Honduras-parque central in San Pedro Sula
I spent about 15 minutes walking the fringe markets, very boring, plenty of booths, but not a lot of activity. You can see for yourself…..but just wait!

Honduras street market-San Pedro Sula-this was a little boring.

HOnduran street market in San Pedro Sula

Honduran street market in San Pedro Sula
Finally, I made the decision that if I was going to have any true experiences, I would have to disregard the advice of Santos and go into the center of the markets to see what was really going on.
I made sure I had everything safely tucked away i.e. camera, money, etc. I crossed Avenida Tercera which seems to separate the tranquil markets from the active markets. Soon, I was in the thick of the action.

Crossing tercera avenida in the markets of San Pedro Sula Honduras
It was one crazzzzy market. I was very careful. No doubt about it……I was the ONLY tourist there!

Honduras street market after crossing tercera avenida in San Pedro Sula
I was first waved over by a man who introduced himself as “Wilson”. Wilson had his arms around 2 girls and wanted to practice his virtually non-existent English on me. He had a few body piercings and was a friendly sort. He wanted to know what I was doing in Honduras and why I was in the markets. We talked for a few minutes while his girlfriends stared at me. After 5 minutes, I shook hands, said goodbye, and went on my way.

Parque Central in San Pedro Sula Honduras-you can find the money changers here
Next, I was stopped by two (2) currency street traders named Angel and Carlos. They were (2) two really hyperactive guys whose eyes were always darting around. Angel had once lived in the U.S. I asked them to tell me about a day in life of a currency trader on the streets of San Pedro Sula.
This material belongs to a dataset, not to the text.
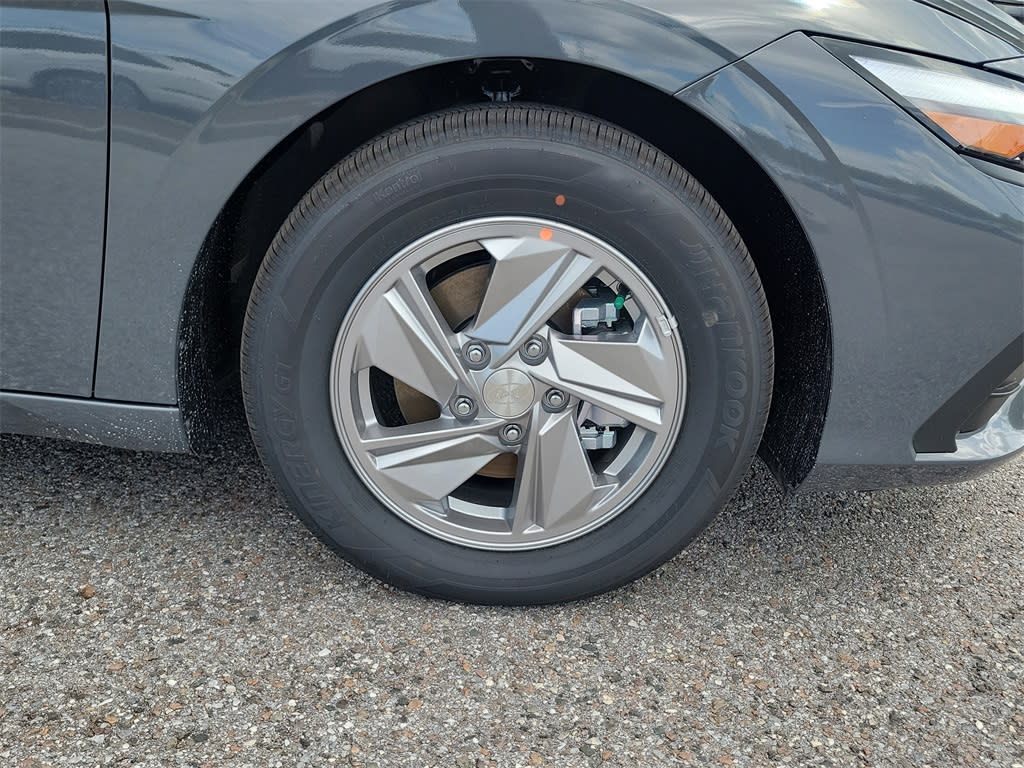 Thumbnail: 2025 Hyundai Elantra - 6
They said they made a few cents on every trade, trading both sides of the currency i.e. dollars to lempiras and lempiras to dollars. I asked them if anyone had ever given them counterfeit money. They emphatically said “no”. I had a feeling if anyone ever had, it was probably the one and only time they ever did.
I didn’t really like the feeling of standing on the streets of San Pedro Sula, Honduras with people who had large stacks of money in their hands, so I made an excuse to leave. They asked me to come back the next day and talk with them some more.
Next stop was a store that sold new and used clothing. The manager, Jose , was standing out front. He was missing most of his front teeth, and spoke about 10 words in English. I asked him where the used clothing came from. He said the U.S., but couldn’t remember any other details. He said he had been in jail in Texas and that was his only experience living in the U.S. About that time, a fight broke out in the booth next to his store. It started out about 20 feet from me and quickly headed my way. Jose said a guy was trying to steal some stuff from the booth. The booth owner grabbed the suspected thief by the shirt and gave him one good drop kick. Fight over. I quickly left the area.